Yıllardır tartıştığımız bu konuda, aydınlatıcı bazı açıklamalar bugüne kadar birkaç defa yapıldı ama görülüyor ki Merkez Bankası’nın bu konuyu aydınlatıcı bir açıklama daha yapması gerekiyor. O açıklama gelinceye kadar ben bildiklerimi, duyduklarımı ve eski makalelerimde yazdıklarımı anlatayım:
- Net hata ve noksan verilmesi bize özgü bir durum değil. Dünyada birçok ülke aynı durumla karşı karşıya. Mesela Çin, ABD, Norveç ve Suudi Arabistan gibi farklı ekonomik özelliklere sahip ülkeler de ödemeler dengesinde yüksek hata ve noksanlar veriyor. Kabul edilebilir boyutta olduğu sürece sorun yok ama bizim hatamızın boyutu dikkat çekecek kadar yüksek. Son 12 ay itibarıyla genel mal ticareti dengesinin yüzde 27’sine ulaştı. Bir zamanlar bir başparmak kuralı vardı. Bu oran yüzde 5’i aştığında sorun yaratacağına inanılırdı. Biz bu kuralı çoktan aşmış bulunuyoruz. Bu boyutta bir hata ekonomik plan ve analiz yapmayı zorlaştırabilir, bu nedenle özel ilgi ister.

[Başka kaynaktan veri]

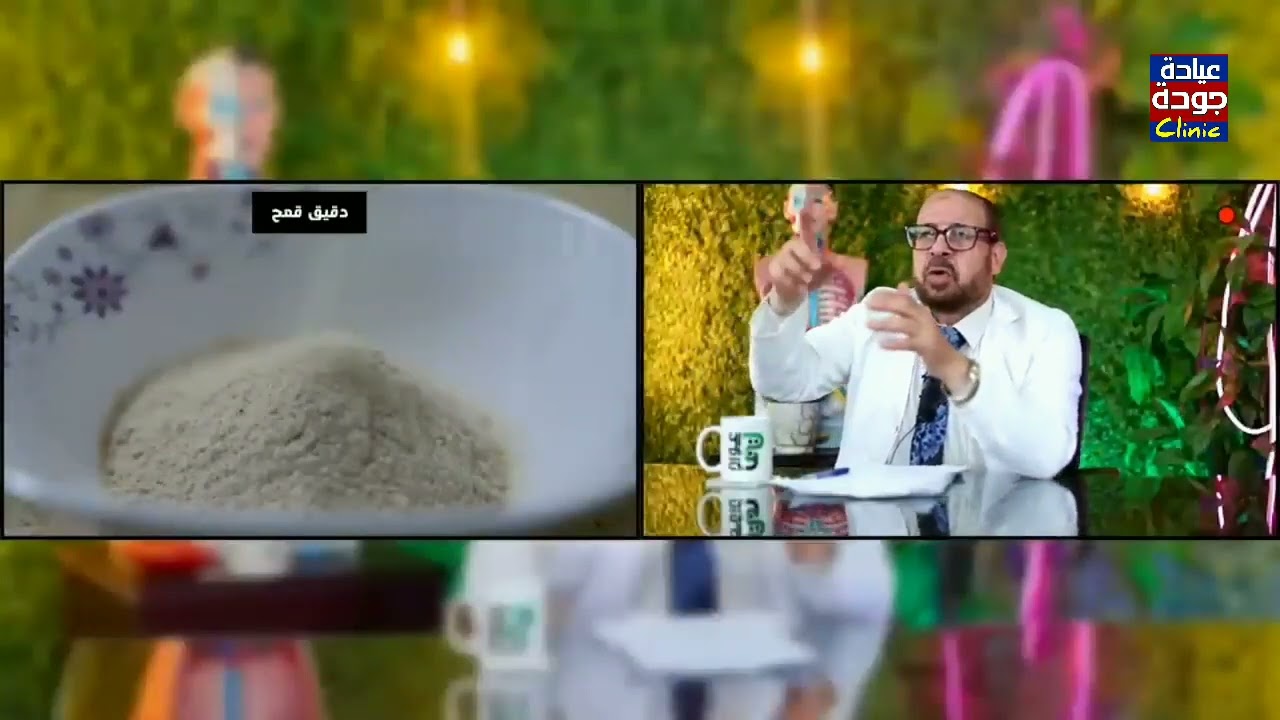معلومات صادمة عن القمح وصناعة الدقيق | دكتور جودة محمد عواد | دكتور جودة محمد عواد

- Ödemeler dengesi bir ülkenin diğer ülkelerle arasındaki tüm parasal hareketi gösterir. Adı üzerinde, ödemeler dengesinin dengede olması gerekir. Teknik açıklaması ile Cari İşlemler Hesabı ve Sermaye Hesabı kalemlerinin toplamı Finans Hesabına eşit olmalı. Ancak uygulamada bu eşitliğin sağlanamadığı görülür ve farka “net hata ve noksan” denir. Bu demektir ki; a) Ya kayda girmemiş giriş ve çıkışlar var b) Ya ölçmede hata yapılmıştır c) Ya mal hareketi ve ödemesi arasındaki zamanlama farklılıkları nedeniyle kayıtlar gerçeği yansıtmıyor d) Ya da hepsi. Doğru cevap d şıkkı...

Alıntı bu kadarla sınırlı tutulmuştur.